Are Paying Debts a Moral Obligation?

Posted by Kevin on July 9, 2012 under Bankruptcy Blog | Be the First to Comment

Most experienced bankruptcy attorneys know that there is a moral consideration in filing bankruptcy.  We know that many clients wrestle with the idea of whether it is morally right for them to file.  Books are written about the bankruptcy filings of famous Americans through the years for the dual reasons of demonstrating that filing bankruptcy does not necessarily make you a bad person, and also to demonstrate the moral ambivalence that confronted these  famous people when they filed bankruptcy.

You could consider the choice whether or not to file bankruptcy to simply be a “business decision.” Merely a weighing of the costs and benefits of filing and not filing.   For many people, that is as far as it goes (and I do not have a problem with that).  After all, corporations of all sizes file “strategic bankruptcies” all the time. Their very smart and well-informed managers decide that bankruptcy is the best way to reduce debt and streamline their operations, so that the business can survive and hopefully thrive into the future.

And who doesn’t want to survive and thrive?

But for you, it may not be that cut and dry.  You consider yourself more than a business. More than a corporation. For you, the human costs and benefits have to be added into the equation.

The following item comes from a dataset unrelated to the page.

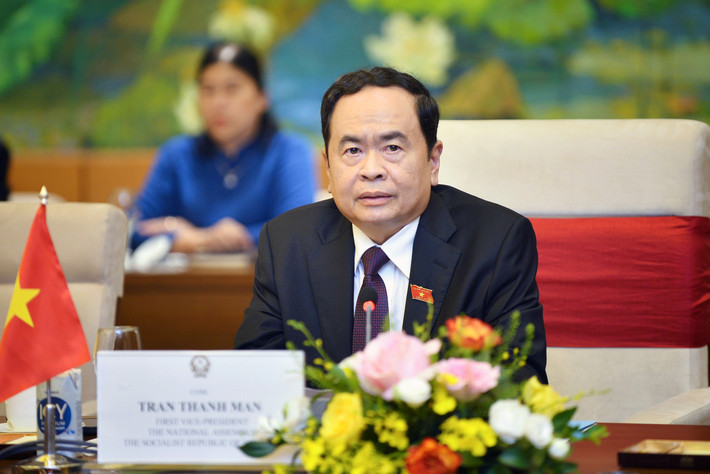 Quá trình công tác, ông Trần Thanh Mẫn đảm nhiệm nhiều chức vụ từ cán bộ Huyện đoàn Châu Thành, Chánh Văn phòng Huyện đoàn Châu Thành; Ủy viên Ban Chấp hành, Ủy viên Ban Thường vụ Huyện đoàn Châu Thành, tỉnh Hậu Giang.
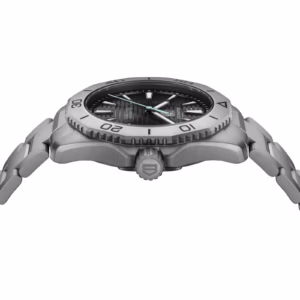TAG Heuer Aquaracer Professional 200 Solargraph 40mm Mens Watch Titanium WBP1180.BF0000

For many people, the decision to file bankruptcy is more than a business decision.  For many, that’s where morality comes into the decision. We humans are moral creatures. That means that our important choices include the moral assessment of the situation.    If we don’t engage in the moral component of this choice, we may experience something akin to “buyer’s remorse”; that is, after the fact we look back and  say to ourselves, “why did I do that”?

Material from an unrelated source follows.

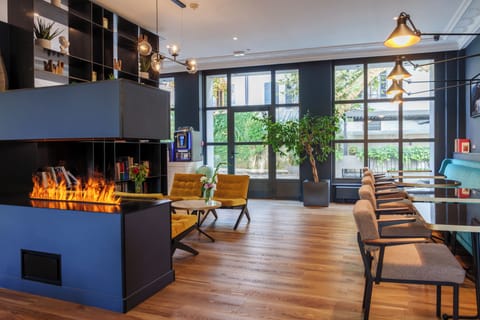 Daily buffet breakfast (EUR 14 per person)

So what do you need to do to make a good moral decision?

First, accept the choices that you made—good and bad, sensible and short-sighted, intentional and forced—and review the circumstances that got you where you are now. Accept that you made a series of legal commitments to pay your debts, consider how much choice you had at the time about them, and in hindsight what you could have done differently, if anything. Analyse honestly why are you now not able to keep those commitments?  Is it because you lost a job or because your spending habits, especially in the area of non-necessities,  are out of control?  By analyzing choices made, you are not only assessing whether to file bankruptcy, but you are putting yourself on the path not to repeat your mistakes.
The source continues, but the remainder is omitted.